The thermo-mechanical exergy stream of the ideal gas equation is given by Equation (17)

$E^M=E^T+E^P=\stackrel{\dot{}}{m}{c}_p\left(T-T_0\right)-T_0\left[\stackrel{\dot{}}{m}{c}_p\ln \left(\frac{T}{T_0}\right)-R\ln \left(\frac{p}{P_0}\right)\right]$ (17)

The $c_p$ in Equation (17) can be obtained in a polynomial form as

$c_p=\frac{{\bar{C}}_p}{M}=a+bT+c{T}^2+d{T}^3$ (18)

where a, b, c, and d, are constants characteristics of gas obtained from selected ideal gas tables.

Chemical exergy for a mixture of ideal gas as written in Equation (19).

$E^{CH}=\stackrel{\dot{}}{m}\left({\displaystyle {\sum }_i{y}_i{\bar{e}}_i^{ch}}+R{T}_0{\displaystyle {\sum }_i{y}_i\ln y_i}\right)$ (19)

The component wise exergy balance of gas turbine thermal power plant system is given as follows sections.

2.3.1. Exergy Analysis of Compressor Sub-System

The exergy balance for the air compressor system is given by

$-W_C={\stackrel{\dot{}}{m}}_a\left(e_1-e_2\right)-T_0\stackrel{\dot{}}{\sigma }$ (20)

The process irreversibility in the compressor is given by

$I_{process}=T_0\sigma =T_0\left[\stackrel{\dot{}}{m}\left(s_2-s_1\right)\right]$ (21)

where the entropy generated at each state in the compressor is given as in Equation (22)

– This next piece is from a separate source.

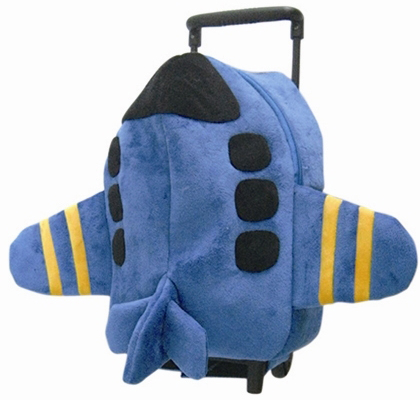 Blue Airplane Trolley Backpack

$s_2-s_1=C_{p_a}\ln \left(\frac{T_2}{T_1}\right)-R_a\ln \left(\frac{P_2}{P_1}\right)$ (22)

The total irreversibility or exergy destruction in the compressor consists of two components, the mechanical irreversibility and process irreversibility [23].

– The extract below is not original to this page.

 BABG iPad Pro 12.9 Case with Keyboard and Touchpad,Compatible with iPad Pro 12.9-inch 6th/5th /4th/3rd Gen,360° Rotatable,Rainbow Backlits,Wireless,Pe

$I_{M,C}=\left\{\frac{1}{{\eta }_{mc.}}-1\right\}{E}_{2-1comp.}$ (23)

where

$E_{2-1comp.}$ = Internal power requirement of the compressor,

$E_{2-1comp.}={\stackrel{\dot{}}{m}}_{air}\left(h_2-h_1\right)$ (24)

${\eta }_{mc.}$ = compressor mechanical efficiency ≈ 0.99

The exergy destruction in the compressor

$E_{D,C}=I_{M,C}+I_{P,C}$ (25)

The second law efficiency of the compressor is

${\eta }_{2,C.}=1-\frac{{\stackrel{\dot{}}{E}}_{D,C}}{W_C}=\frac{{\stackrel{\dot{}}{m}}_a\left(e_2-e_1\right)}{W_C}$ (26)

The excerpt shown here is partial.